Imagen tomada del blog de N. Solórzano López

Imagen tomada del blog de N. Solórzano López

Ahora me surgen las preguntas. ¿Dónde está el animal? ¿Tal vez acechándome en la oscuridad del salón? ¿Me destrozará a coces si me dejo sorprender? Las situaciones ilógicas pueden ser terroríficas y el ataque de un caballo inexplicable lo es, sin duda. Me he obligado a ser racional y a pesar del miedo que sentía he salido hacia el pasillo en su busca. Sudaba a chorros y el corazón me latía a ritmo de infarto. Iba encendiendo todas las luces y avanzando lentamente hacia el salón. Al pasar por la puerta del aseo, la he abierto. Allí no cabe un caballo, pero tenía que comprobarlo. No estaba. Tampoco lo he encontrado en la cocina, ni en la pequeña despensa, ni en el exiguo lavadero. No me quedaba otro espacio que el salón y hacia allí me he encaminado con tanta resolución como pánico.

Sólo después de mirar detenidamente lo he encontrado, junto a una pata del sillón: el caballo negro de marfil de ese ajedrez que alguien me trajo de la India. Lo he guardado con el resto de las piezas y he vuelto a terminar mi trabajo, ya mucho más tranquilo. Los libros del estudio, las estanterías, la tablet de mi hijo con la partida que estaba analizando… todo estaba en perfecto orden.
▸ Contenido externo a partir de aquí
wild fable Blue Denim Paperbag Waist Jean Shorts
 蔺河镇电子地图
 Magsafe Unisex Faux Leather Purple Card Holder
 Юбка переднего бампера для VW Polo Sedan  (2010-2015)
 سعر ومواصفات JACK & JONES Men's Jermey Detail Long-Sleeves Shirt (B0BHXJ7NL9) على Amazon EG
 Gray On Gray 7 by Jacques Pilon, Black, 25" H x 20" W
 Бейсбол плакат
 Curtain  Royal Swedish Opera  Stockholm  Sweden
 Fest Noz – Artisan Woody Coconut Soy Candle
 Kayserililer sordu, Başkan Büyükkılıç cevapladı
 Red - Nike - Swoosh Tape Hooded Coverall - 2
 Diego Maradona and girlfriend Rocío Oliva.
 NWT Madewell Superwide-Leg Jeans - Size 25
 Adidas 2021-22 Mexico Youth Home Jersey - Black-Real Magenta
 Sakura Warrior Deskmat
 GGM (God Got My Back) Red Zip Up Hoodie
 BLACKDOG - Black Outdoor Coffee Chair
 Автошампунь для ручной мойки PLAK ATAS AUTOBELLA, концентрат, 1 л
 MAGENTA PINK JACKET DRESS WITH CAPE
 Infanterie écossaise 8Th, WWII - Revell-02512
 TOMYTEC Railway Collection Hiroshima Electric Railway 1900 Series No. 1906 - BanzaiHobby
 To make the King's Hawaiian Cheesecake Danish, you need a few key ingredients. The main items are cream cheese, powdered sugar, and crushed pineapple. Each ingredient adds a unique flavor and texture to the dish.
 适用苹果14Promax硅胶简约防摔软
Esto de comentar partidas de ajedrez para el periódico está bien pagado, pero está acabando con mis nervios. En mis sueños, en mis alucinaciones, sólo veo elementos de ajedrez. Un día creí recibir un golpe de un peón, una noche soñé que me lanzaban piedras con una catapulta desde una torre inexpugnable… Tal vez tendría que consultar estas obsesiones con mi psiquiatra…

Más vale sola…

      ¡Qué hartura, por Dios! Ya no puedo soportar a Boris. Son muchos años aguantando sus exigencias, esa mirada de desprecio que siempre me tiene preparada, ese aire de superioridad… Está claro que ya no me quiere, que nuestra relación es ya insalvable desde hace mucho… me pregunto qué hace aún a mi lado. ¿Por qué no se va de una vez? Sabe dónde está la puerta, así que es bien fácil. Yo no le pienso poner obstáculos ni hacerle el menor reproche…

¡Boris! ¡Mira que ponerle Boris…! ¿Qué pensarían que era, un escritor soviético? ¡Qué estupidez! Pienso con frecuencia en cómo me engatusaron, lo sibilinamente que me convencieron, empezando por mi padre: “Mujer, es que una chica no debe vivir sola… Con Boris encontrarás lo que cualquier mujer desea: afecto, ternura, compañía, sentirte protegida…”. Yo no estaba demasiado convencida y mi madre remachó metiéndomelo por los ojos a todas horas: que es muy bueno, que tiene un aspecto bárbaro, que vas a ser la envidia del barrio… Y yo, tonta de mí, empecé por dejar que me acompañara a tomar el aperitivo y después a dar paseos por el parque y al final terminamos pasando juntos la mayor parte del día. Todo eran caricias, tan dulces que  finalmente, pasó lo que tenía que pasar: que le dejé la anchísima mitad de la cama que a mí me sobraba… y él se creció.

Ahora estoy condenada a hacer lo que Boris mande: salir aunque no me apetezca, preparar comidas especiales cuando yo me arreglaría con un bocadillo, comprarle sus cosas… Si llego a saber que esta relación iba a ser tan posesiva, me habría casado… ¡En mi vida volveré a tener perro!